### Input records

BEGIN

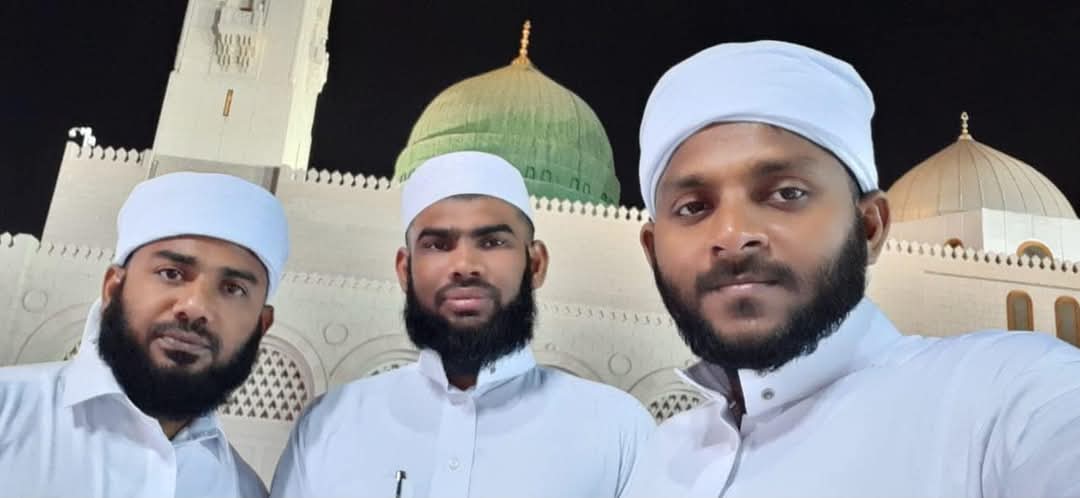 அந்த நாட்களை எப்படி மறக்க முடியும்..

END
BEGIN

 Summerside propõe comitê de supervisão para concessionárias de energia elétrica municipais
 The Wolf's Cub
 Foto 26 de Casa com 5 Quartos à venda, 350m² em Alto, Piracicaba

END
BEGIN

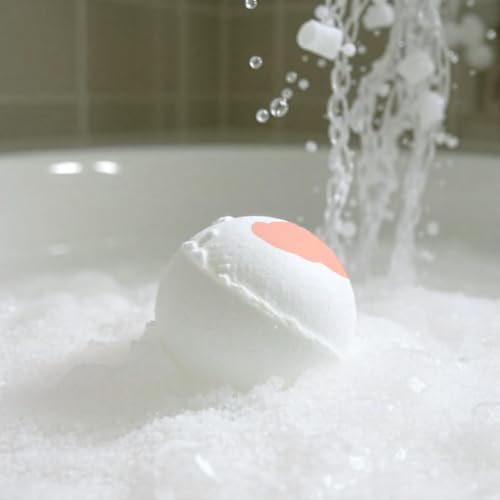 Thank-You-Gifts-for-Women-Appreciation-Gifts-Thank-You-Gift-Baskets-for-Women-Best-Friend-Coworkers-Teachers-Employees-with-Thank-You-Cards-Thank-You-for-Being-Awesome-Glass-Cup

END

### Assignment
Above are the entries. Copy exactly the part that opens with the line containing "Summerside propõe comitê" and closes with the line containing "Foto 26 de Casa", and no more.

### Solution for this problem
 Summerside propõe comitê de supervisão para concessionárias de energia elétrica municipais
 The Wolf's Cub
 Foto 26 de Casa com 5 Quartos à venda, 350m² em Alto, Piracicaba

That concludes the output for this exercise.